So, 11,000km, 9 countries, 87 days, countless new friends and we are having the most fantastic time.
Sudan is truly an amazing country, although to be honest I’m not sure exactly why. I keep reminding myself that I’m in Sudan, and when I do a huge smile spreads across my face. The Sudanese people are wonderful and their legendary hospitability can be quite humbling at times. The landscape is nothing but desert bisected only by a kilometre wide strip of date palms that surround the Nile which makes for a remarkable sight. But what makes Sudan really special is the remoteness of it, the ability to get away from everyone else and feel like we are the only people in Africa. We have been able to find some spectacular wild camping spots and have spent the evenings watching the sunset drinking tea (or whisky), star gazing and feeling like we are the luckiest people alive.
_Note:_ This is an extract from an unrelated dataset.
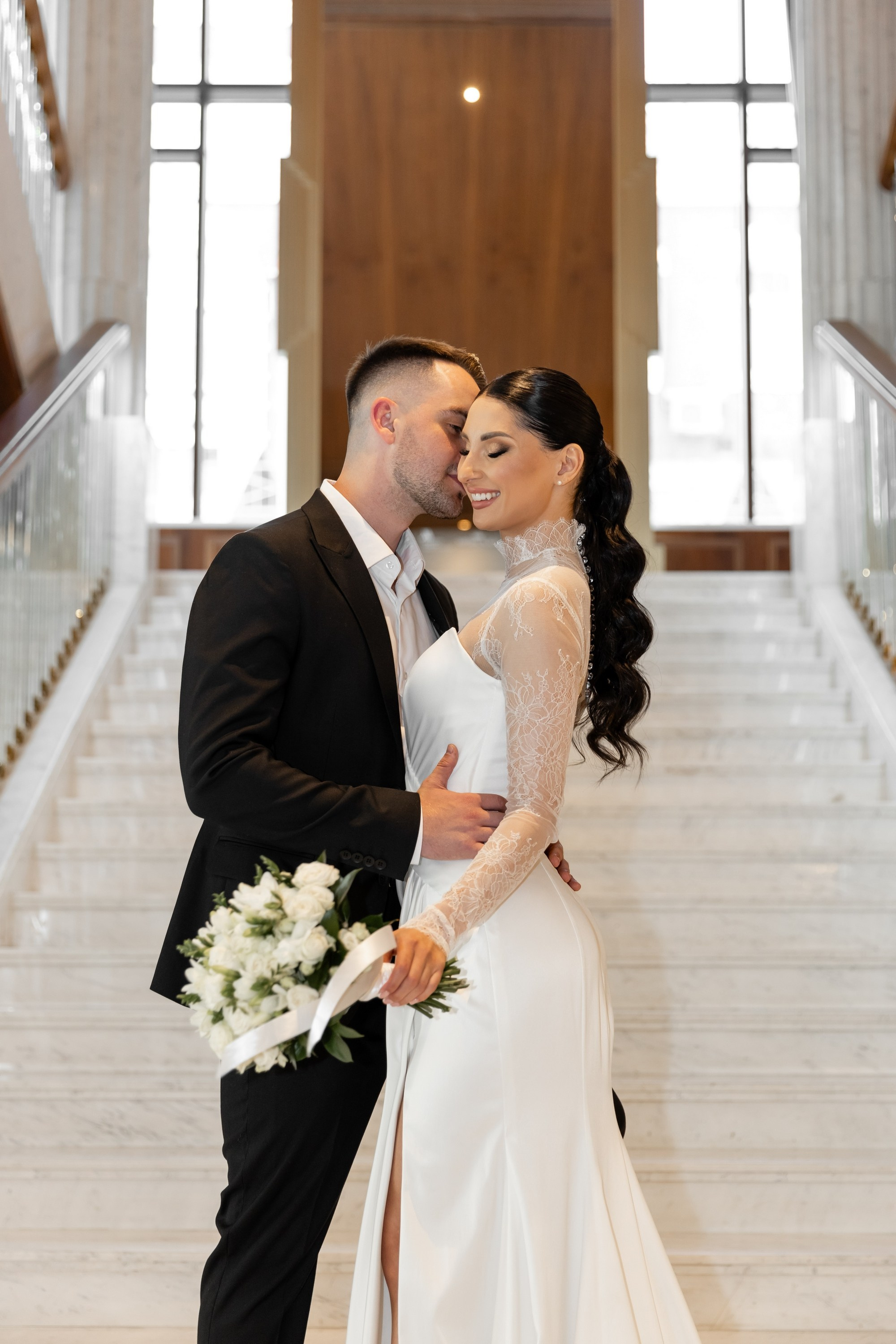 Дарья и Артём. Татьяна Чернышова свадебный фотограф Москва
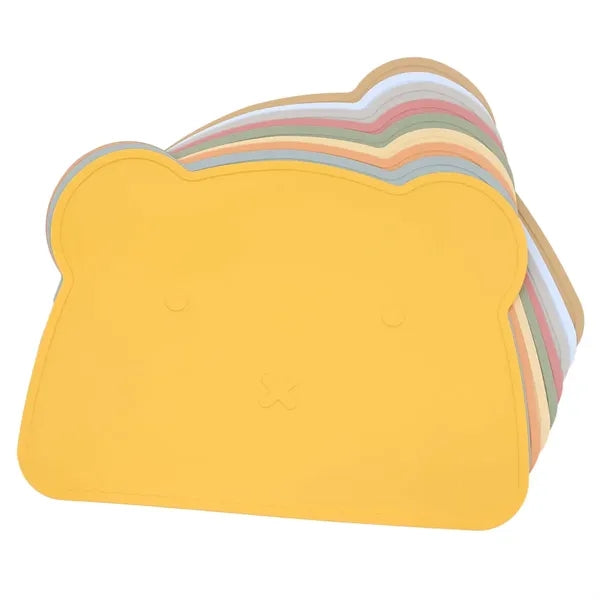 Child Friendly Silicone Placemats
The best way to demonstrate Sudan is with a story of the people who we have met along the way. The story starts at the end of a very long day driving while we were looking for somewhere to camp. After endless miles we finally saw a grove of date palms where we thought we might be able to hide ourselves for the night. We drove to the village to ask permission, and after some classic miming and drawing in the sand they understood what we wanted, but insisted instead that we camp in the village chiefs private date palm orchard. He actually first invited us to stay with him and his family although we felt this would be too much of an imposition. Having parked Brenda up and set up the roof tent, the kitchen and the hammock we looked over to see our neighbour standing at the fence shaking with excitement. He was barely able to control himself and kept crawling under the fence to meet us. After a while we decided to offer him some food, at which point his enthusiasm got the better of him he proclaimed he would move in and sleep with us next to the car. Oddly we didn’t actually see him again after that so maybe the village chief told him to leave us alone, either way it was a wonderful example of Sudanese hospitability. The orchard was full of hundreds of birds, some of which were a beautiful green and gold colour, and the dawn chorus the next morning was really something special. We ended up giving the village chief one of our ‘Camden Town to Cape Town’ t-shirts as a gift for his generosity.
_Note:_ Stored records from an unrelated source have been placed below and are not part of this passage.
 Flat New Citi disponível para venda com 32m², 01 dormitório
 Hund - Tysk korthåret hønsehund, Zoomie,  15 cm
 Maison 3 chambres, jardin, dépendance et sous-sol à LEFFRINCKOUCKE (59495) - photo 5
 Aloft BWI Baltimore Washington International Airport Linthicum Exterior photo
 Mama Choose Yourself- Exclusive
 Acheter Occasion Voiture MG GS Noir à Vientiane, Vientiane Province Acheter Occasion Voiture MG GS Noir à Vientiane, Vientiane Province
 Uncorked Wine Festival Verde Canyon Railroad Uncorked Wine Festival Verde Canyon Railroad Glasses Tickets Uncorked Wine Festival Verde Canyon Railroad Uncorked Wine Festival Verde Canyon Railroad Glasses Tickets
We have seen many fantastic sights in Northern Sudan, including lots of pyramids and temples as old as those in Egypt and the Middle East, and while they may not be as grand, the settings and the lack of tourists and tourism infrastructure make them lots more fun to visit than anything to date.
We arrived in Khartoum yesterday with a mission of picking up a camera which Si had DHL’d from England to replace mine (big thanks to Si for that one). I won’t go into the long story of the trouble we have had, but can sum it up by saying that the level of bureaucracy in Sudan can rival anything Egypt has to offer. It has taken 2 days, countless taxi’s and lots of arguing until we finally managed to get towards the end of the process. The final thing left to do was to pay a SU£23 holding fee, however by this point we had run out of cash (We had already argued the import customs duty down from SU£2200 to SU£170, and had engaged in a big argument with the fixer about his cut) so believing this ‘holding fee’ to be another scam we dug in our heels and refused to pay, instead opting to wait around for something else to happen (it was a staggering 47 degrees in Khartoum today so this show of protest took a lot of determination). A standoff ensued between us and the fixer until eventually we went to the policeman to ask if we could have our parcel (futile as this was). More machine gun Arabic, more arguing, more being told to leave until we were ushered away with nothing gained. Standing there wondering if indeed we should pay up, we were interrupted by a Sudanese guy who walked over and paid our holding fee for us, dismissing our profuse thanks with ‘this is Sudan and you are most welcome’.
As I said, Sudan really is a remarkable place.